• WHAT IS REQUIRED: Only the lines in the entries below from the line with "Hello, welcome to" to the line with "Hey guys, welcome", both included, belong in the answer, transcribed exactly and without pictures.
*** Opening RECORDS TO USE ***
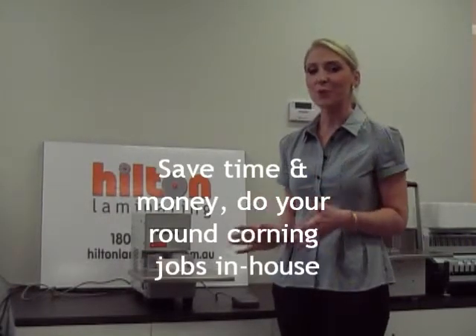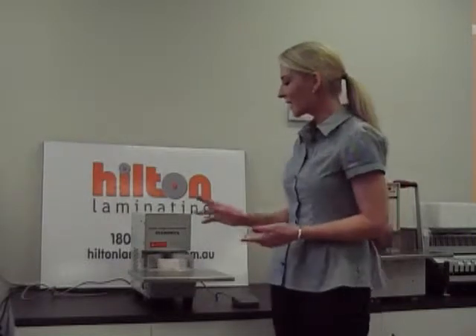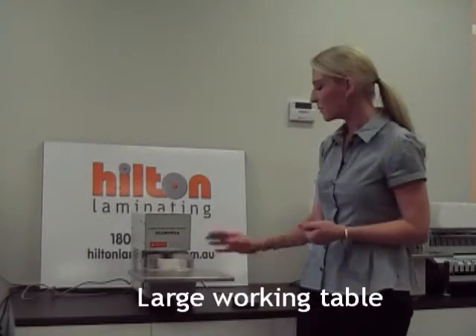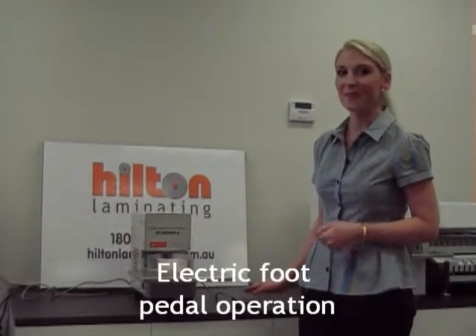The Electric Round Corner Cutter 5 is ideal for large volume round corner cutting jobs. The great thing about the electric round corner cutter is that you can complete all your jobs in-house rather than sending them out to be die cut. It has the capacity to cut up to 50mm at a time, it has a large working table, a waste drawer, and it is electric foot pedal operated. Let's have a look.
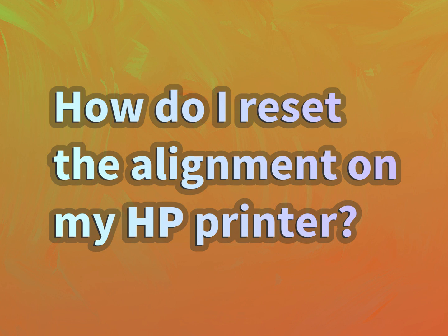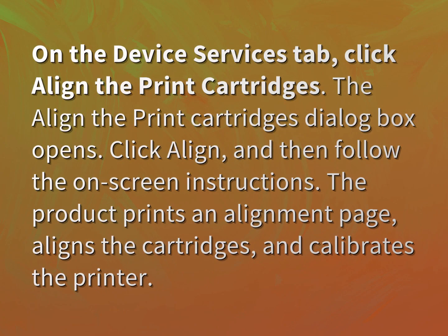How do I reset the alignment on my HP printer? On the Device Services tab, click Align the Print Cartridges. The Align the Print Cartridges dialog box opens. Click Align, and then follow the on-screen instructions.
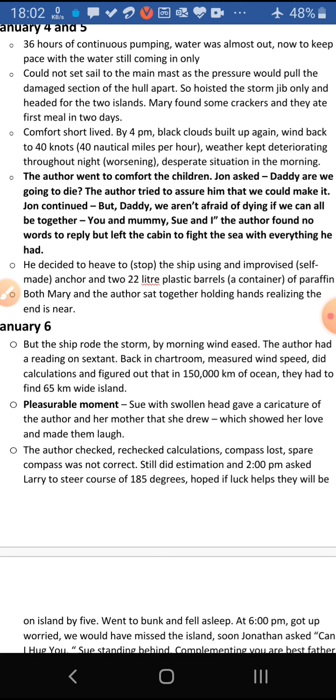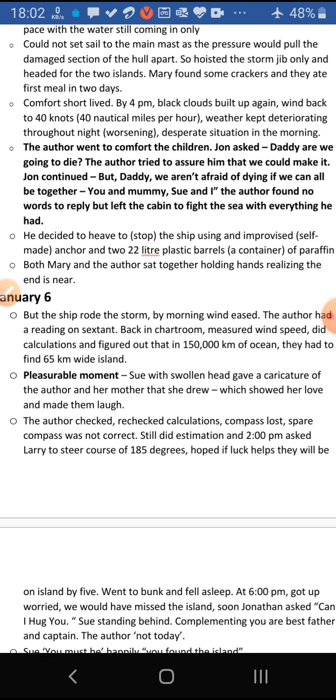But this comfort was short-lived. By 4 PM, black clouds built up again and wind started blowing at 40 knots — 40 nautical miles per hour. The weather kept deteriorating throughout the night, and in the morning they were again in a desperate situation. The author saw the situation and went to comfort the children. The author's son Jonathan asked, 'Daddy, are we going to die?'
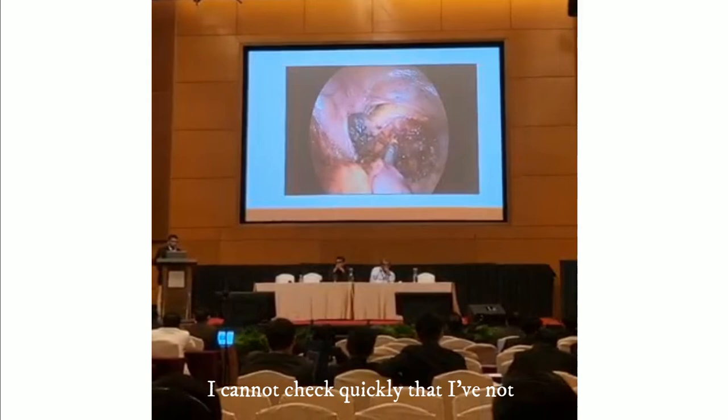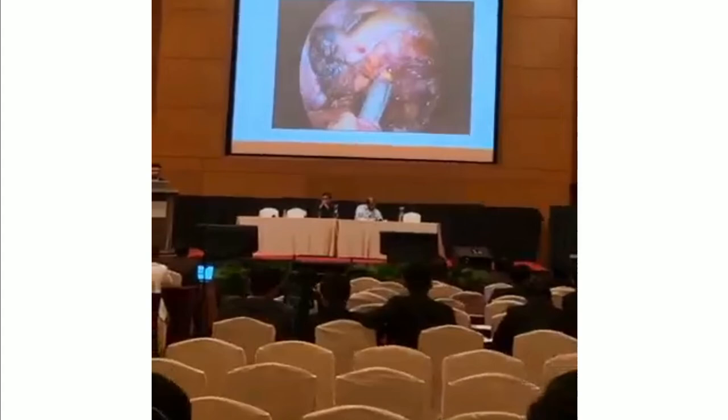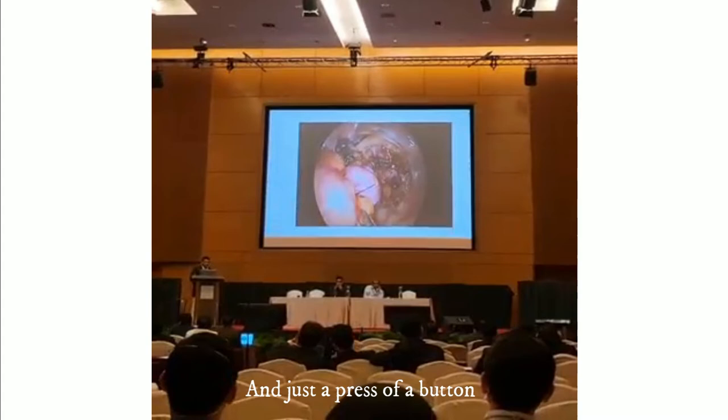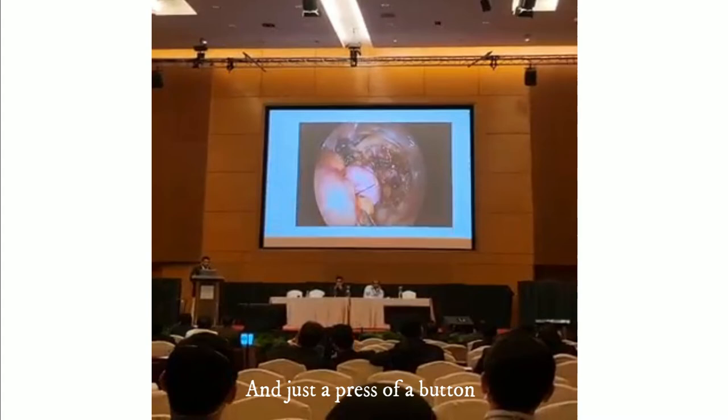Once I'm happy, it's locked in. I'll come out and check quickly that I'm not pushing to the valve. I think that's going to get started between the end. And just at the press of the button, everything goes in quite smoothly.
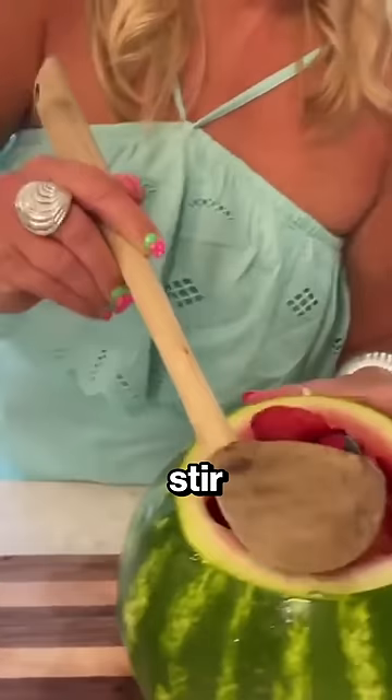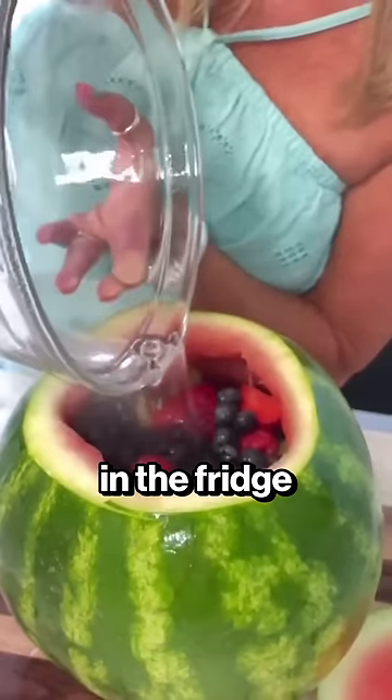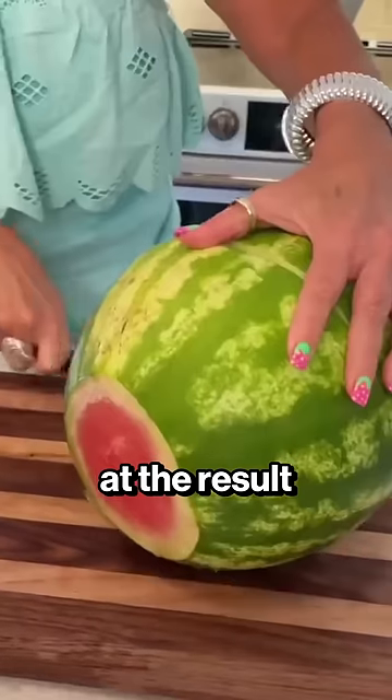She gave it a good stir and dropped it back into the watermelon. She added warm water and left it in the fridge for 24 hours. She then took it out again and cut right through the middle — just look at the result.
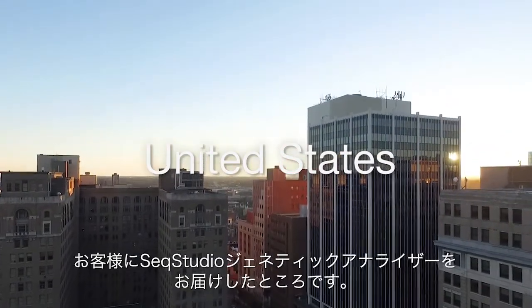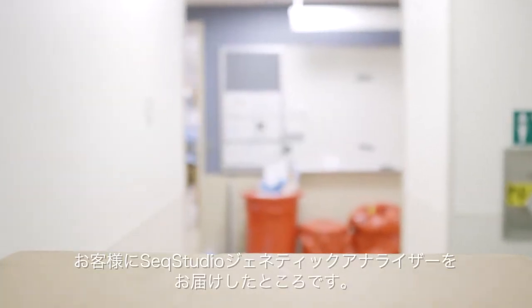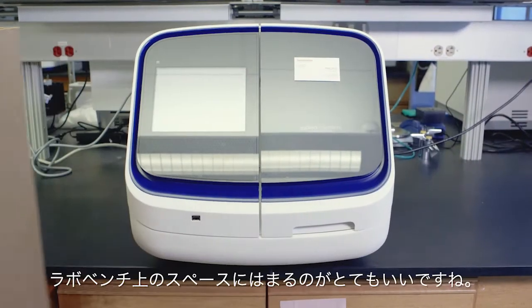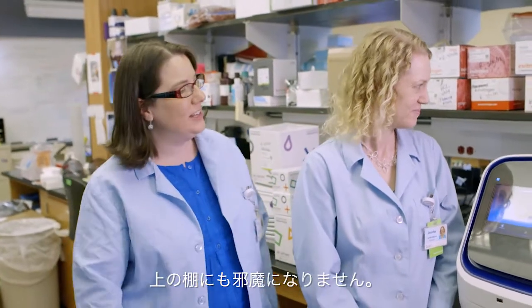Hi there, today we're in Delaware. The customer had just received their SIEC Studio genetic analyzer from Thermo Fisher Scientific. I love that it fits on the lab bench — you don't have to remove the upper shelves or anything.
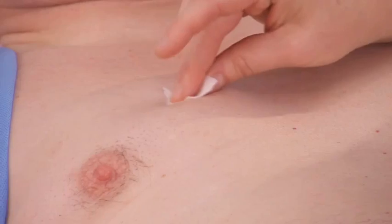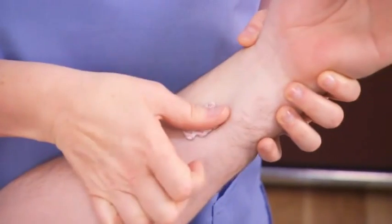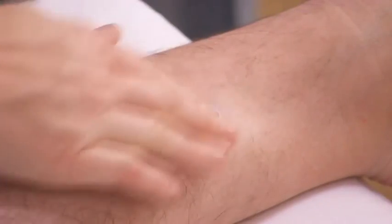Discreetly expose the patient's chest and extremities. Prepare the areas where the electrodes will be placed by cleansing the skin with alcohol wipes. Apply the self-adhesive electrodes to the extremities.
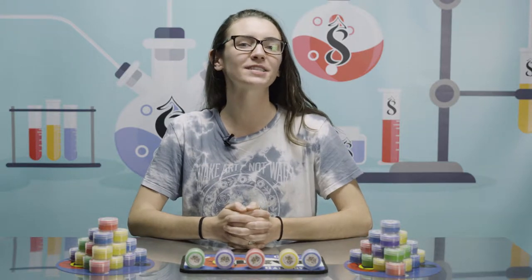Hey guys, it's Maddie here with Elevate Presents, bringing to you another accessory review. Today, we're going to talk a little bit about the Honey Bucket, brought to you by 7 Floor Vapes.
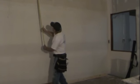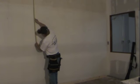Tom is checking the ceiling height around the room. He's looking for the lowest elevation so all of the slat wall panels will remain on the same plane.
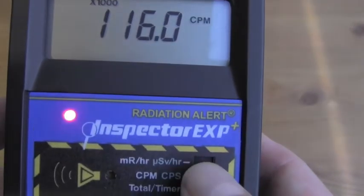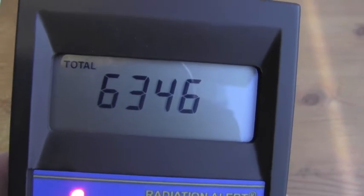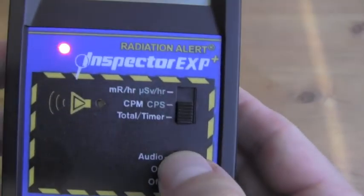Now we'll check out the scalar function. That'll just give us a total count over one minute. We will not wait for the entire minute here — I'm just going to turn this off.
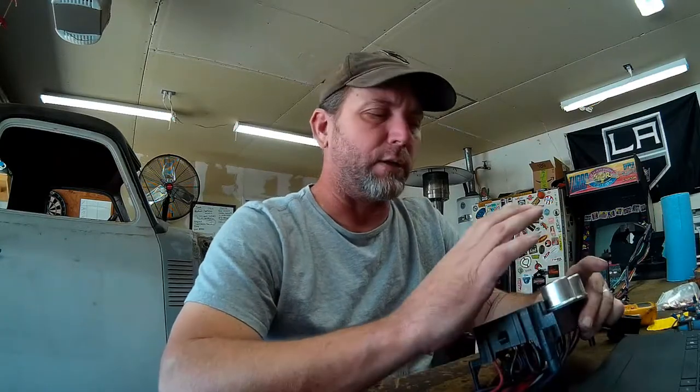Hey guys, good morning. So today what I thought I would do real quick before I throw this harness into our P48, which is our 1948 Chevy 3100 project, I thought I would go through the fuse block and explain how you can test and identify all of your power sources and your output power from the fuse block so you know how to wire things up. Wiring can be kind of confusing to people, so I'll give a quick explanation and then show you how this all mounts into the truck.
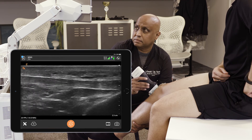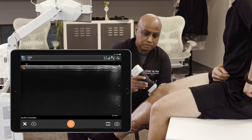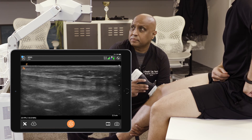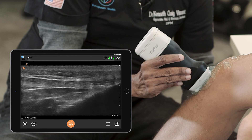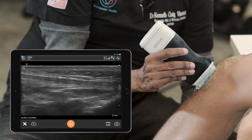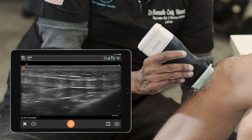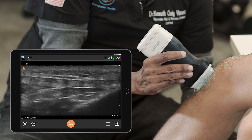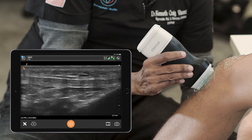We move further down distally towards the tibia, and we now appreciate the region of the insertion. There are some signs of old injury, but as I mentioned, just because there are variations from what is classified as normative values, we have to consider that these could be adaptive changes and not an active, functional, inhibiting or limiting pathology.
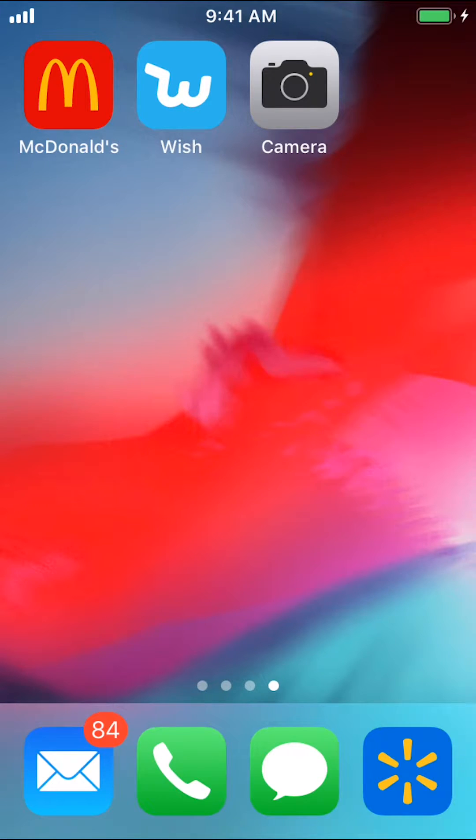Hello, welcome to CandleTech. In this video, I'll show you how to move your credit or debit card on the Walmart app.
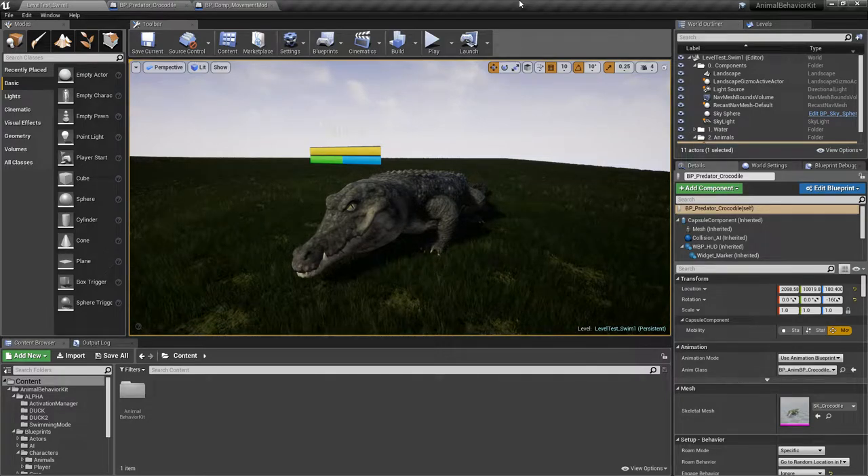Hey guys, welcome to another devlog video for the Animal Behavior Kit. I am super excited to finally share probably the biggest feature coming in 1.3 — amphibians or hybrid animals are now possible. One of the biggest requests I've gotten since I released ABK was for more animals to be able to swim or fly.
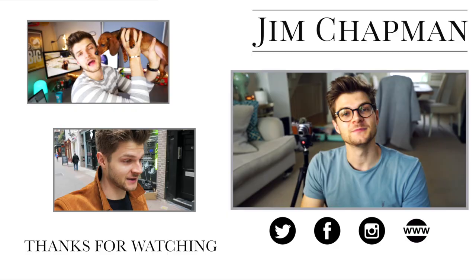If you like me then here is what you can do: click right here to subscribe, go over there to see my last video on this channel, down there to see my daily vlog channel, and down here you'll find links to all the other stuff I do. Thanks very much and I will see you very soon.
*** Closing RECORDS TO USE ***
• FINISHED EXERCISE:
Hello, welcome to CandleTech. In this video, I'll show you how to move your credit or debit card on the Walmart app.
Hey guys, welcome to another devlog video for the Animal Behavior Kit. I am super excited to finally share probably the biggest feature coming in 1.3 — amphibians or hybrid animals are now possible. One of the biggest requests I've gotten since I released ABK was for more animals to be able to swim or fly.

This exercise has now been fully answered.